# Solved – Optimal parameters with resampling in random forest

I'm building a classification model in R using random forest and the package caret. I'm interested in which parameters are optimised during resampling.

As an example, lets use the iris dataset and fit two models – one that uses no resampling, and one based on 10-fold cross validation:

``set.seed(99) mod1 <- train(Species ~., data = iris,           method = "rf",           ntree = 500,           tuneGrid = data.frame(mtry=2),           trControl = trainControl(method = "none"))   set.seed(99) mod2 <- train(Species ~., data = iris,           method = "rf",           ntree = 500,           tuneGrid = data.frame(mtry=2),           trControl = trainControl(method = "repeatedcv", number=10,repeats=1)) ``

As we can see, in both models the number of random predictors per split (mtry) is 2, and there are 500 trees generated. Obviously the two models give different results, but what are the parameters that are optimised during cross validaton?

As a comparison, Kuhn in his presentation talks about rpart (slides 52 – 69), where he explains that during resampling we actually prune the tree.

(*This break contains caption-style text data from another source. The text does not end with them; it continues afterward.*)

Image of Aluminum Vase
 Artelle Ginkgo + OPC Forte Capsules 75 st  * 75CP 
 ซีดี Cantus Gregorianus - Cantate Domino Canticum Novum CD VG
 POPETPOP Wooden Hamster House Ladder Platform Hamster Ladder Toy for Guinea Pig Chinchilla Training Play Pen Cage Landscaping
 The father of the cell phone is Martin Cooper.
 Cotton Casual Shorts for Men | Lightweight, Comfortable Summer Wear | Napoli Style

But what about when we're using random forest? Are the generated trees pruned as well, or there are other parameters that are optimised (e.g. max depth)?

Contents

You are not optimizing any parameters in your code. The only tuning parameter considered in the caret package is the `mtry` value, which is specified to be 2 in your code. However, it is still important to get a good estimate of the accuracy of the random forest; model 2 shows the accuracy is around 95.3% using repeated K-fold cross-validation. This is similar to what we get using the out-of-bag (OOB) sample estimate from the random forest:
``randomForest(Species ~ ., data=iris, ntree=500, mtry=2) ``